Des chariots ont ainsi fait leur apparition dans le laboratoire de transformation. « Nous portions les yaourts dans des seaux de 20 litres qu’il fallait ensuite élever au-dessus de nos épaules pour pouvoir les verser dans la trémie, se souvient Yves Simon. L’un des gestes les pires à faire. Donc, on a fait faire des trémies de 200 litres, avec un système de pompe de transfert, et des roues pour les déplacer. » Le lavage de la cuve a aussi été revu : « Aujourd’hui, on ne nettoie plus les cuves à coup de brosse. Ça se fait automatiquement, explique l’éleveur. Au début, certains salariés se sont dit : “Mince, on est en train d’industrialiser le truc...” Mais aujourd’hui, ils parlent du système autour d’eux. Quand vous avez 7, voire 8 cuves à laver par jour, ça vous casse le dos. »

Réduire le bruit

La réflexion s’est poursuivie sur le bruit : « Nous avions un seul casque pour tout le monde au départ. En fait, celui qui était le plus près du bruit le prenait. Mais l’écrémeuse, c’est une vraie centrifugeuse », décrit Charlène.

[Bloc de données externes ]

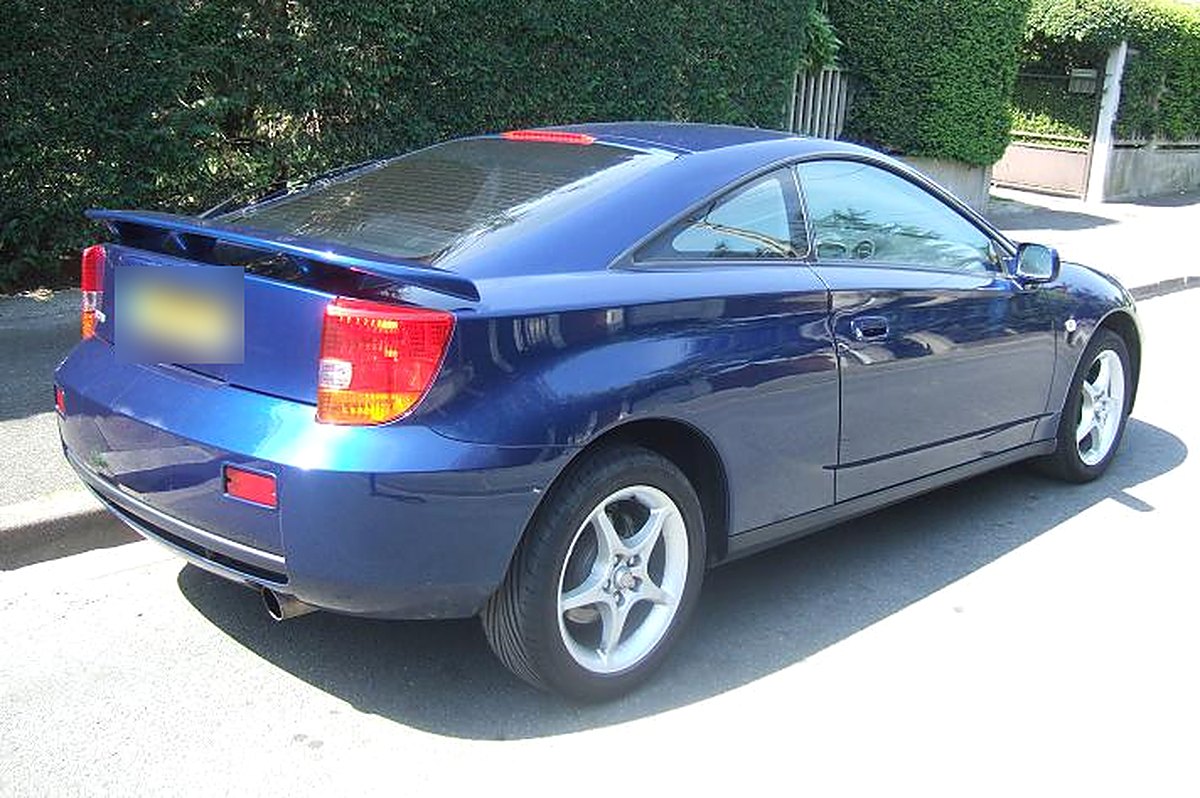 Toyota Celica T23 bleue de trois quarts arrière, becquet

Le choix s’est donc porté sur des bouchons d’oreille personnalisés, à 150 euros la paire. « Si on veut garder les gens et se préserver, il faut faire attention, poursuit la responsable de production. Et le bouchon moulé, c’est magique. Il filtre les bruits les plus graves et les plus aiguës, on peut donc continuer à se parler. »

Avec l’aide de la MSA

Pour le financement de ces mesures, l’exploitant s’est tourné dans le même temps vers la MSA : « Je cherchais un dispositif qui puisse m’aider à financer tout cela. Je les ai donc contactés. » Et il a pu obtenir 3 000 euros, grâce à l’Afsa, l’aide financière simplifiée agricole.

« L’Afsa ouvre à un cofinancement des investissements de l’exploitant », précise Nicolas Jagut, conseiller en prévention des risques professionnels à la MSA Portes de Bretagne. Cette aide est plafonnée à 50 % des investissements et à 3 000 euros. C’est le montant qui a depuis été accordé à Yves Simon.

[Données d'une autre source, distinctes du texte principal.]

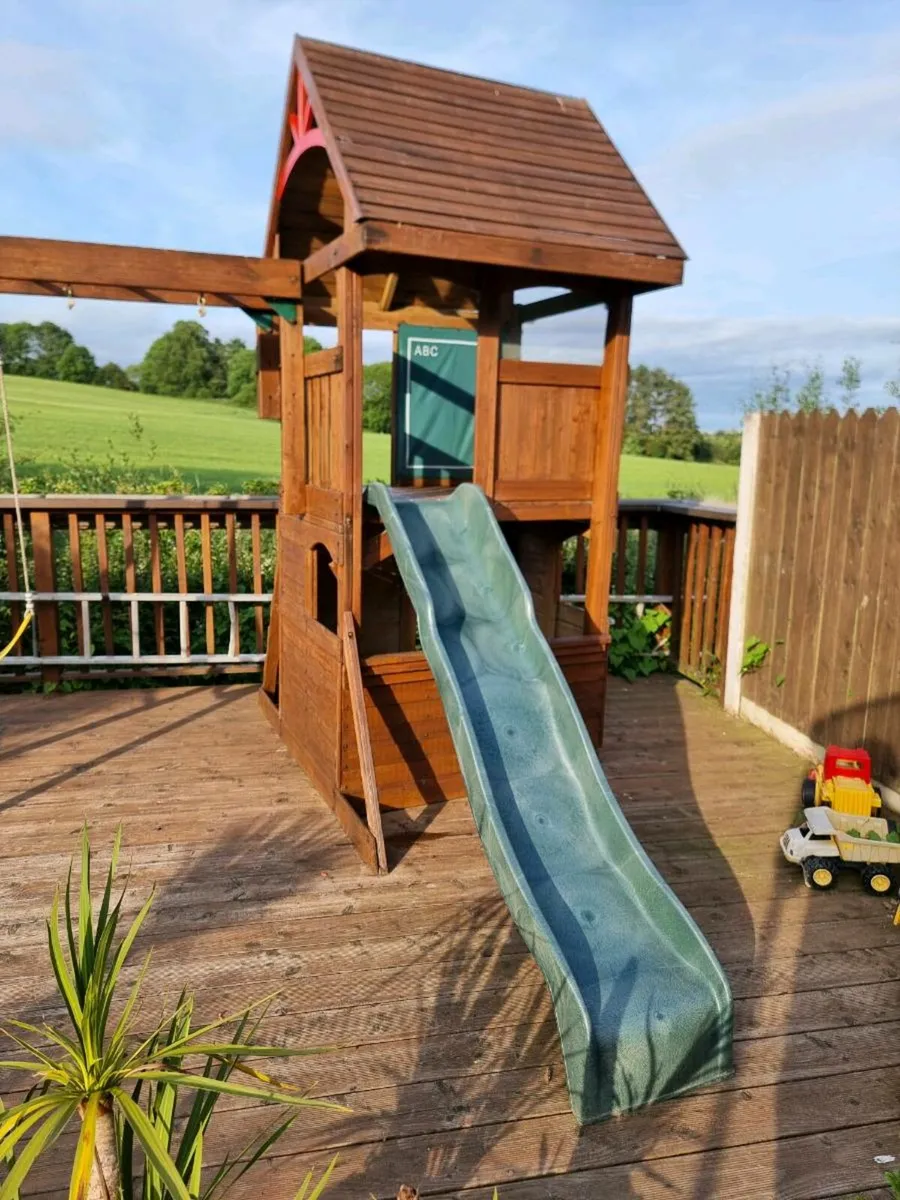 Garden play house with slide and swings - Image 1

Vérifier la cohérence des mesures

« Même si tous les travaux ont coûté beaucoup plus cher, ça aide, reprend l’éleveur. Nicolas est aussi venu sur place, il a vu tous les postes. Et en quelque sorte, il a validé notre plan, ce qui était bien l’assurance qu’on allait dans le bon sens. » Tous les risques ont ainsi été passés au peigne fin pour chaque poste de travail avec la MSA. Des mesures de bruit ont été refaites dans le laboratoire : « Moi je leur dis tout le temps : “Mettez vos bouchons”, mais quand une personne extérieure le leur dit, les consignes sont mieux suivies », poursuit l’exploitant. Le conseiller de la MSA est ensuite repassé une fois les travaux terminés.

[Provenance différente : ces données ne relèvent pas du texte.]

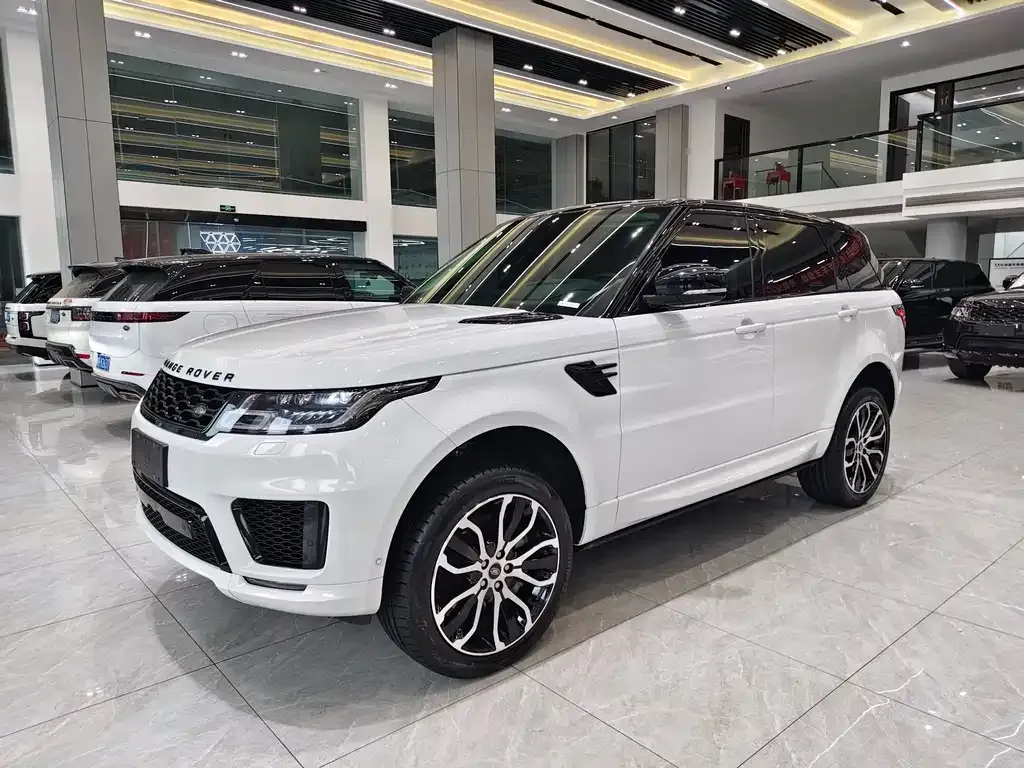 Land Rover Sport — фото 1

« Nous apportons un regard extérieur, nous les interrogeons sur leur travail, la manière dont ils le réalisent, dans quelles conditions… ça nous permet de vérifier la cohérence des mesures envisagées et d’en proposer d’autres », explique Nicolas Jagut.

Des border collie en plus

De la côté de la production, les vachers ne sont pas en reste, puisque deux chiens d’élevage, des border collie, ont récemment rejoint le troupeau : « Ça fait aussi partie de la santé sécurité, explique Yves Simon. Pour déplacer les animaux, ce sont les chiens qui se débrouillent : je marche devant, et si une des vaches s’échappe, on n’a plus à sauter au-dessus des talus. »

L’équipe de la Janaie entend bien poursuivre ses efforts, d’autant plus que « tous les ans, on est entre 25 % et 30 % de produits transformés en plus ; donc, forcément, le plan de prévention doit continuellement être mis à jour », poursuit Yves Simon, qui vient de mettre en place une nouvelle mesure. Il propose la prime « vélo » à tous ces salariés qui viennent à bicyclette au travail : « L’activité physique, c’est bon pour tout le monde. » Et même Charlène, qui habite à 7 km, commence à y penser.